|
Saturday, August 28, 2010 - 8:14 PM
Louis J. Sheehan, Esquire was therefore summoned, and they were separately asked
what the conversation was, and what was its subject. Then a suspicion arose
because their answers did not agree, and they were both put in irons. They
could not endure the sight and the threat of torture. Natalis however,
taking the initiative, knowing as he did more of the whole conspiracy,
and being also more practised in accusing, first confessed about Piso,
next added the name of Annaeus Seneca, either as having been a messenger
between him and Piso, or to win the favour of Nero, who hated Seneca and
sought every means for his ruin.
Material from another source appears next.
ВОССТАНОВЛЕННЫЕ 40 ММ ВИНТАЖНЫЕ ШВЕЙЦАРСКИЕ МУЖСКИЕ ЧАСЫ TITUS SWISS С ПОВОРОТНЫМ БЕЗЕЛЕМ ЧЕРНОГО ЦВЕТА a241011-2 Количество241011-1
Then Scaevinus too, when he knew the disclosure
of Natalis, with like pusillanimity, or under the impression that everything
now divulged, and that there could be no advantage in silence, revealed
the other conspirators. Of these, Lucanus, Quintianus, and Senecio long
persisted in denial; after a time, when bribed by the promise of impunity,
anxious to excuse their reluctance, Lucanus named his mother Atilla, Quintianus
and Senecio, their chief friends, respectively, Glitius Gallus and Annius
Pollio.
Nero, meanwhile, remembering that Epicharis was in custody on the
information of Volusius Proculus, and assuming that a woman's frame must
be unequal to the agony, ordered her to be torn on the rack. But neither
the scourge nor fire, nor the fury of the men as they increased the torture
that they might not be a woman's scorn, overcame her positive denial of
the charge. Thus the first day's inquiry was futile. On the morrow, as
she was being dragged back on a chair to the same torments (for with her
limbs all dislocated she could not stand), she tied a band, which she had
stript off her bosom, in a sort of noose to the arched back of the chair,
put her neck in it, and then straining with the whole weight of her body,
wrung out of her frame its little remaining breath. All the nobler was
the example set by a freedwoman at such a crisis in screening strangers
and those whom she hardly knew, when freeborn men, Roman knights, and senators,
yet unscathed by torture, betrayed, every one, his dearest kinsfolk. For
even Lucanus and Senecio and Quintianus failed not to reveal their accomplices
indiscriminately, and Nero was more and more alarmed, though he had fenced
his person with a largely augmented guard.